House Passes Stimulus Package–and Oh, By the Way, Bipartisanship is Dead
The House just passed the American Recovery and Reinvestment Act. It now goes to the Senate for a final vote, which is expected to take place tonight. People will be looking over the text of the bill to figure out what it is that passed.
Meanwhile, Rahm Emanuel is putting a stake in through the heart of bipartisanship:
Mr. Emanuel owned up to one mistake: message. What he called the outside game slipped away from the White House last week, when the president and others stressed bipartisanship rather than job creation as they moved toward passing the measure. White House officials allowed an insatiable desire in Washington for bipartisanship to cloud the economic message a point coming clear in a study being conducted on what went wrong and what went right with the package, he said.

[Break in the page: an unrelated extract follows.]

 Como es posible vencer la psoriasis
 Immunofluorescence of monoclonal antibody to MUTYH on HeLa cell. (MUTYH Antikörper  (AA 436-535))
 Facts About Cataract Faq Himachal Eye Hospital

I’m reading those words and I’m wincing. I argued strongly at the time that prizing bipartisan "process" over substance (jobs creation) was a big mistake, and I fundamentally don’t believe it’s possible to work with the other side if they have no higher goal than to undermine you if you won’t appease them by adopting the same policies that created the problem in the first place. It just isn’t possible.
But a commitment to transcend partisanship was a successful message, and it did inspire people — they believed that Obama was sincerely trying to rise above DC gridlock that appeared to keep meaningful change from happening. They really hoped that if he remained committed to it over time, the "ten dimensional chess" he was playing could change the political discourse. And hell, for all I know maybe it could.
I didn’t suggest he abandon his own message, and I sure didn’t recommend that he do a 180 and "shift from bipartisan overtures to outright mockery of his opposition," which is what Rahm Emanuel just told the press. I thought he should establish concrete objectives by which the efforts of both parties could be measured, and then put out the welcome mat to anyone who wanted to join him in that task.
I thought that Obama’s vigorous defense of the bill before House Democrats hit just the right note, and that he made a successful argument on substance rather than process. It was possible to save the message and just shift tactics:
Obama plans to travel more and campaign more in an effort to pressure lawmakers with public support, rather than worrying about whether he can win over Republican votes in Congress.
I think Obama is actually adjusting rather pitch-perfectly to what the Republicans are throwing at him. He doesn’t need Rahm out there announcing that his commitment to "bipartisanship" was just "for the sake of appearances."